Viva a tolerância
Em passo importante contra o obscurantismo e o preconceito, o STF determina que famílias homoafetivas não podem ser excluídas de políticas públicas
Na luta a favor das liberdades individuais e da diversidade, o STF tomou uma decisão histórica em 2011 ao reconhecer, por unanimidade, a união estável entre duas pessoas do mesmo sexo como entidade familiar. A partir de então, casais homoafetivos começaram a ter os mesmos direitos civis que qualquer homem e mulher casados, como herança e plano de saúde, por exemplo. Em um novo passo contra o preconceito, o tribunal aprovou a criminalização da homofobia há três meses. A cada decisão desse tipo, a Corte é criticada por alas da sociedade que ainda pregam o obscurantismo. Mas os ministros continuam dando sinais firmes de que não vão recuar. O mais recente deles veio a público no dia 16, quando o STF determinou que famílias homoafetivas não podem ser excluídas de políticas públicas. Em seu voto, o ministro Alexandre de Moraes, que relatou o processo, afirmou que limitar o conceito de entidade familiar exclusivamente à união entre homem e mulher viola a Constituição.
Na ocasião, os onze ministros do Supremo votaram por extirpar o trecho de uma lei aprovada no ano passado pelos deputados do Distrito Federal. Ela definia como família apenas o “núcleo social formado a partir da união entre um homem e uma mulher”. A legislação, agora reformada pelo STF, foi proposta pelo deputado distrital Rodrigo Delmasso (Republicanos-DF) com o nebuloso objetivo de instituir “diretrizes para a elaboração e execução de políticas públicas voltadas para a valorização da entidade familiar no Distrito Federal”. Pastor da igreja evangélica Sara Nossa Terra, Delmasso já assumiu ter sido gay na juventude, passado do qual afirma se arrepender amargamente. Casado e pai de três filhos, o parlamentar está no segundo mandato na Assembleia do Distrito Federal. Do ponto de vista prático, a lei não apresentou nenhuma novidade em relação ao aparato legal já existente no país. Faz apenas proposições genéricas, afirmando, por exemplo, que o “Distrito Federal deve promover a segurança alimentar e o acesso à educação para todos os membros da entidade familiar”. A única “inovação” da lei foi mesmo eliminar os casais homoafetivos das políticas públicas para a família.

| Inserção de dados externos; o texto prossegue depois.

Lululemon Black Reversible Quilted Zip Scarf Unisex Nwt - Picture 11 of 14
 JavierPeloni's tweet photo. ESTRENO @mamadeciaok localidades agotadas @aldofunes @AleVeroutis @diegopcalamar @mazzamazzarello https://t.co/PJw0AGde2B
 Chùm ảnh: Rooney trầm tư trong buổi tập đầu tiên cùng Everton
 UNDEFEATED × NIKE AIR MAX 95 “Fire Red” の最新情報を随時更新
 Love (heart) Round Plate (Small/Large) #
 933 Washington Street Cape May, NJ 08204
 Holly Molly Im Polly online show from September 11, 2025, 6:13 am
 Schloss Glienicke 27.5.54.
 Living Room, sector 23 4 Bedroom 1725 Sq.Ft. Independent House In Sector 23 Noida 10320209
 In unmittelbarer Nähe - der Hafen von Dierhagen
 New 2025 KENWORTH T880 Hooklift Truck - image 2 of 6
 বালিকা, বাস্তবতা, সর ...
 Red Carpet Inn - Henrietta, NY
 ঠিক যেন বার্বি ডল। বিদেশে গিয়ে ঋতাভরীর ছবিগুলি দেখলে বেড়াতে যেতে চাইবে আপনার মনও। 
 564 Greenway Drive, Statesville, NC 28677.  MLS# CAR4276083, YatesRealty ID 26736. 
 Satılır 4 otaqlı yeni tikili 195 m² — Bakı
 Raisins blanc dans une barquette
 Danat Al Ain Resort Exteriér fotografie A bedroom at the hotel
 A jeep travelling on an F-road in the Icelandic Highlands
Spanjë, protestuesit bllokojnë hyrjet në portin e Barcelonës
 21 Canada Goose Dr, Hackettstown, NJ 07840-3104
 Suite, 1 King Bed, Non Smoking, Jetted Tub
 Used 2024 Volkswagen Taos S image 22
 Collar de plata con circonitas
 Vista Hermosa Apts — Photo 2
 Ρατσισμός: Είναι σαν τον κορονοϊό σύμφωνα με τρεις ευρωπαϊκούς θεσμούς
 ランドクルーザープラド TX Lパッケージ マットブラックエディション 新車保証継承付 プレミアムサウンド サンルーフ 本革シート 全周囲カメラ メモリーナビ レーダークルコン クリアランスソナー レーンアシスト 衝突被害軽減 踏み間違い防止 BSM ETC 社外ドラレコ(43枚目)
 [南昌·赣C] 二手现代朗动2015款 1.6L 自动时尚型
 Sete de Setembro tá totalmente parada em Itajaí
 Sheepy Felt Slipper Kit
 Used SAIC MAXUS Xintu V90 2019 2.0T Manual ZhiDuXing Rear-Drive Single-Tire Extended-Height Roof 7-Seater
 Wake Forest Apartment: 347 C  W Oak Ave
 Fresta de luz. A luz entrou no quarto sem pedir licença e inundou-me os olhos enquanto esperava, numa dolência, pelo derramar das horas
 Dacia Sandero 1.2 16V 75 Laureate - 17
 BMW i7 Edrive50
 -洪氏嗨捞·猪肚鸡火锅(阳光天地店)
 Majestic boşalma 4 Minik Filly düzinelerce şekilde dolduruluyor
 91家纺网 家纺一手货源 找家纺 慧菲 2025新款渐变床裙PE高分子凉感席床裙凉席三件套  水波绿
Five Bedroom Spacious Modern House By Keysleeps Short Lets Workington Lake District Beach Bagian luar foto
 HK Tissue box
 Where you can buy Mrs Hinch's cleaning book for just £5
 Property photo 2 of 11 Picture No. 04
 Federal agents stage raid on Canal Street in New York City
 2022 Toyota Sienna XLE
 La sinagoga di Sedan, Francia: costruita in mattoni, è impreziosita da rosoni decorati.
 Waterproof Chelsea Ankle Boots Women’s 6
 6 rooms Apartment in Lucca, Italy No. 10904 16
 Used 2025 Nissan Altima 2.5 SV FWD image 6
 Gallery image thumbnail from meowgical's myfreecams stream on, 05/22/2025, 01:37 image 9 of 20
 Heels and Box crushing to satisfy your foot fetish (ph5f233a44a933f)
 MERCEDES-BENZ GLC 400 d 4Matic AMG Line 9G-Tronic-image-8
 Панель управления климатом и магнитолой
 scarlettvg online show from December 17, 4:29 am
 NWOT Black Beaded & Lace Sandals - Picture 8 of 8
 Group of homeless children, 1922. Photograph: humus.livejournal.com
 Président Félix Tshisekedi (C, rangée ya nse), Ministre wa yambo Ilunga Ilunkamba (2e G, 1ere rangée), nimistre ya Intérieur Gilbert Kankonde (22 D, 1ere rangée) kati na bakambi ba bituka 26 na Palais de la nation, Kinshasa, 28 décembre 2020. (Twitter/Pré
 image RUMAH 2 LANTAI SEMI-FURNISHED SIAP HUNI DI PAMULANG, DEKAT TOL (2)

Pela óptica do deputado, o lar em Brasília formado por Jair Domingos Gonçalves, de 49 anos, Ricardo Trevisan, de 42, e suas duas filhas, Raira e Ranara, de 6 e 8, respectivamente, não seria considerado uma família. Gonçalves, aposentado e estudante de psicologia, e Trevisan, professor de arquitetura da Universidade de Brasília, adotaram as irmãs há dois anos. As meninas viviam em um abrigo em uma cidade-satélite, depois de ter sido retiradas da família biológica pela Justiça. A denúncia foi feita por vizinhos, que testemunhavam as frequentes surras sofridas pelas crianças, sempre sujas e mal alimentadas. Atualmente, as garotas, que levam o sobrenome Gonçalves Trevisan, frequentam a escola e fazem natação, balé e circo. As duas também aprenderam a responder que têm dois pais: o “pai Jair” e o “pai Ricardo”. Gonçalves conta que a decisão tomada pelo Supremo representou um alívio. “Ela repara um retrocesso”, diz. “Graças a Deus, temos como manter as meninas com nossos salários, temos plano de saúde para elas, mas leis desse tipo podem inflamar pessoas intolerantes. Uma pessoa homofóbica, que trabalhe em uma escola, por exemplo, pode se sentir respaldada a constranger não só a nós, adultos, mas as nossas crianças”, completa.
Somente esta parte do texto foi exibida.